Wednesday, February 19, 2014

An odd way to answer a prayer

For the Lord your God has blessed you in all that you have done;
He has known your wanderings through this great wilderness.
These 40 years (29 years) the Lord your God has been with you;  
You have not lacked a thing.
Deuteronomy 2:7

If you ever bothered to ask me what my favorite book in the Bible is, I'd say Deuteronomy.  Not that I expect it to ever casually come up in conversation.  But if it did, I'd have an answer, and Deuteronomy it'd be!

Have you ever had those moments where you just bottom out?  I mean like bottom out ugly.  Where is my faith Lord? Crying .. Praying... Pouring over God's Word in a franticness like never before.  Sure you have. If you're like me (and you might not be) but if you are, it's those toughest moments where you continue to question where your faith is, what do you believe, why do you believe etc.  It may even progress to who is Jesus, why did he die for me, did he die?  You get the picture.  It's a vicious circle, and we have just officially bottomed out.

Thankfully there is grace sufficient for us!  Amen.  I could end there, but I won't.  
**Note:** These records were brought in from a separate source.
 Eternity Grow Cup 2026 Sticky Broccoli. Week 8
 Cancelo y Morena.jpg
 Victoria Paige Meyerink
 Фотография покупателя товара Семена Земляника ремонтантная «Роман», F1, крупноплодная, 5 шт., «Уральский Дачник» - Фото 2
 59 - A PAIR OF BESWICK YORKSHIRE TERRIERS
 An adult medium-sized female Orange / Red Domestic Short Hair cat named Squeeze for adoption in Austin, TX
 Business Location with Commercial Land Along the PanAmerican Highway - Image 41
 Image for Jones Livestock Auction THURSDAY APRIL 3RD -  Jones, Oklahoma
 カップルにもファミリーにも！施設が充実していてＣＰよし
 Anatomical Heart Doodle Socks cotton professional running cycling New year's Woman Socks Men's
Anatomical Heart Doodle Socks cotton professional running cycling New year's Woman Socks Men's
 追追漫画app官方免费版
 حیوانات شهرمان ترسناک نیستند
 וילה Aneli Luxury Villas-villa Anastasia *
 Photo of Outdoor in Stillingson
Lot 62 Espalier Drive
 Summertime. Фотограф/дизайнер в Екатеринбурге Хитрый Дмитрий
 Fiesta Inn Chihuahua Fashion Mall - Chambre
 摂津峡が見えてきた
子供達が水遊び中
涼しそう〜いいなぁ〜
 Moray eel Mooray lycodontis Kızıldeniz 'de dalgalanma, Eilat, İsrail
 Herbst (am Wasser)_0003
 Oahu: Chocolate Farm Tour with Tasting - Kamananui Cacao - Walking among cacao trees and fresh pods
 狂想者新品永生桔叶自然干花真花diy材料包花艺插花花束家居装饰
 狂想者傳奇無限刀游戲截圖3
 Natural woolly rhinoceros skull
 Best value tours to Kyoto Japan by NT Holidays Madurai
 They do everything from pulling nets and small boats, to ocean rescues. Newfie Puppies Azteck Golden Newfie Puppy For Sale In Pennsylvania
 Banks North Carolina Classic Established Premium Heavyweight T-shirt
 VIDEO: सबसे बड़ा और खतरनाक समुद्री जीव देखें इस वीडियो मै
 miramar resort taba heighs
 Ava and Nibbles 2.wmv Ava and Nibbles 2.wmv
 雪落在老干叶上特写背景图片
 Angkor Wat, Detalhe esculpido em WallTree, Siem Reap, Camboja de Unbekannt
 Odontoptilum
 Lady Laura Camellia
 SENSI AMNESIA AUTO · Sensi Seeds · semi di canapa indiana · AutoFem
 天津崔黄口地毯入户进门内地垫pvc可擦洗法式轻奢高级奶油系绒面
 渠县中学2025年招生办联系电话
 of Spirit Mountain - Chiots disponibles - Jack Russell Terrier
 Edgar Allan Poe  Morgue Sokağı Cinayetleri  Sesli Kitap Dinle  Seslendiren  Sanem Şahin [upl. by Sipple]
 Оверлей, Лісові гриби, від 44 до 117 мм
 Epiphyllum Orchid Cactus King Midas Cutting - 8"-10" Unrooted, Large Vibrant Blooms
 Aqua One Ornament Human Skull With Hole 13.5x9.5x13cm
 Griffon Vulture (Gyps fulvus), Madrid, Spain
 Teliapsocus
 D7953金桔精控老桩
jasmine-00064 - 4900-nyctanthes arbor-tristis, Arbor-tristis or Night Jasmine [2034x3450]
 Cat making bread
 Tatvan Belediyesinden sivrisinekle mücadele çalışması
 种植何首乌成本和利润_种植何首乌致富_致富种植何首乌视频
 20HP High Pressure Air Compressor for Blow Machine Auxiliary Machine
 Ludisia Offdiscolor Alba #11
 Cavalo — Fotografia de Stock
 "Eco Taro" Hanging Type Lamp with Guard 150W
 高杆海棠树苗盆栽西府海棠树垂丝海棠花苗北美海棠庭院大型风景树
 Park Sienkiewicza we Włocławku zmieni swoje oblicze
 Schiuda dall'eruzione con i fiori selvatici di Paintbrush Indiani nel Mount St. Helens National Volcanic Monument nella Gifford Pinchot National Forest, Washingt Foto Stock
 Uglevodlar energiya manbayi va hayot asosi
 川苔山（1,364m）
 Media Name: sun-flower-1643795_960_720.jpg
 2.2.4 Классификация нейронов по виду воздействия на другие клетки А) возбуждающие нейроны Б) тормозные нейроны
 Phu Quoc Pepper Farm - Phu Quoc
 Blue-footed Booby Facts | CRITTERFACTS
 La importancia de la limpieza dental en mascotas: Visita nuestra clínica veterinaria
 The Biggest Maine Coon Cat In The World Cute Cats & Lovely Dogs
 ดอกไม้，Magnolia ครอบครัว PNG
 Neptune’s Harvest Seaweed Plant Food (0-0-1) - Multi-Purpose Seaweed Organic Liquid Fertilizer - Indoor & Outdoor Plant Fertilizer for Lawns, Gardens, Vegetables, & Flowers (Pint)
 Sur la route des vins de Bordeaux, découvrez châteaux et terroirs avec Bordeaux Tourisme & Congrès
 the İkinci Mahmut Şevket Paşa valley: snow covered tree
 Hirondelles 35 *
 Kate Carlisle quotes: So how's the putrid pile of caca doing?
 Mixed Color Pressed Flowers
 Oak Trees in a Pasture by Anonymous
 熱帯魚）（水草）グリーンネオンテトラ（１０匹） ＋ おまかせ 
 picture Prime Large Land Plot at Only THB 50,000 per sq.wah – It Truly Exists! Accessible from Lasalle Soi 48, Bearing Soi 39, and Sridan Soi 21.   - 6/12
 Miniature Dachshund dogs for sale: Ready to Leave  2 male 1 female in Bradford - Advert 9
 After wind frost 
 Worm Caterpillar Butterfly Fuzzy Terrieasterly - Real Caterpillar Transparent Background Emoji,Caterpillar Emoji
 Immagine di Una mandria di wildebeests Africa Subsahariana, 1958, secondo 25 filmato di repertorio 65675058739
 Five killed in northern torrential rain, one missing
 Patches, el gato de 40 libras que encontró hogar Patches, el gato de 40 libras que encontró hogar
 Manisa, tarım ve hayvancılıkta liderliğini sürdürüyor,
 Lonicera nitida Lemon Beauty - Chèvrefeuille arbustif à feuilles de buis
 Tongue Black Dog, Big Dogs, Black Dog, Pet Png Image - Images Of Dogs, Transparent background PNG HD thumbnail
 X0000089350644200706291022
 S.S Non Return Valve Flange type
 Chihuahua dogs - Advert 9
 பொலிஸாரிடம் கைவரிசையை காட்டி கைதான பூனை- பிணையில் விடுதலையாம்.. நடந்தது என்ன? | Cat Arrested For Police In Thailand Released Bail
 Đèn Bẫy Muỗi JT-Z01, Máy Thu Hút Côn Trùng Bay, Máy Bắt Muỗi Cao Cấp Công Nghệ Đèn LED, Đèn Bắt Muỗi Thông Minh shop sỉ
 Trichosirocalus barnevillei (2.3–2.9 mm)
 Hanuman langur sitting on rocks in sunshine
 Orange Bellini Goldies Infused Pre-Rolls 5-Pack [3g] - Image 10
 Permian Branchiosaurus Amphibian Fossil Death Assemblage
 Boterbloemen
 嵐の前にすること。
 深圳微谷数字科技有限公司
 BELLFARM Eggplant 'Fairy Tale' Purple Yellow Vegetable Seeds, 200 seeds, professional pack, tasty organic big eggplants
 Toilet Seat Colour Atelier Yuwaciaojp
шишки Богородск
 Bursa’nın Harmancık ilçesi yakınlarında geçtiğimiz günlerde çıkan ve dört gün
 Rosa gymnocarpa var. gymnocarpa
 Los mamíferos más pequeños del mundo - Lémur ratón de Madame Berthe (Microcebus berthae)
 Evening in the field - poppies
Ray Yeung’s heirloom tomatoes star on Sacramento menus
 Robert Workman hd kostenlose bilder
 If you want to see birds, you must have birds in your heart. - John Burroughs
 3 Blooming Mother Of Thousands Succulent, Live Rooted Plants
I was reading a devotion by Spurgeon on just the matter.  A soldier isn't trained while sitting in the tents.  A sailor isn't trained on a smooth and peaceful sea.  We are trained most efficiently when we have to go through the ditches.  Praying for my faith to be strengthened is simply answered by giving me difficulties that I must face.  It's an odd way to answer a prayer, but it makes sense because ultimately I have to make a decision.  That decision is whether I will have faith in the Almighty God or myself.  Unfortunately this decision takes a little longer than necessary to answer, as I'm naturally bent towards trying to do everything in my own strength.  But in God's goodness, He does give us these times to ultimately fine-tune our faith and allow us to become more like His Son.  This is exactly how Spurgeon said it:

 It was but a little while ago that on thy knees thou wast saying,
"Lord, I fear I have no faith: let me know that I have faith." Was not this
really, though perhaps unconsciously, praying for trials?--for how canst thou
know that thou hast faith until thy faith is exercised? Depend upon it, God
often sends us trials that our graces may be discovered, and that we may be
certified of their existence.

How does all of this relate to the passage from Deuteronomy.  It's this:  He hasn't forgotten or neglected me or abandoned me for the 29 1/2 years I've been on this earth.  I think it sometimes.  I really do, especially in the silence.  And especially in the trials.  But He's there.  It's the promise I must remember.  He's working all things to His glory.. and for my best.  And because He is there, I have lacked no good thing.

1 comment:

  1. Oh Erin - I love Deuteronomy. I'm getting ready to get out of Numbers. When I was flying back to Raleigh to itnerview for the job to create treasuring Christ with Steve - Deut 8 was in my heart and mind. Remembering. Love it. Thank you for these reminders!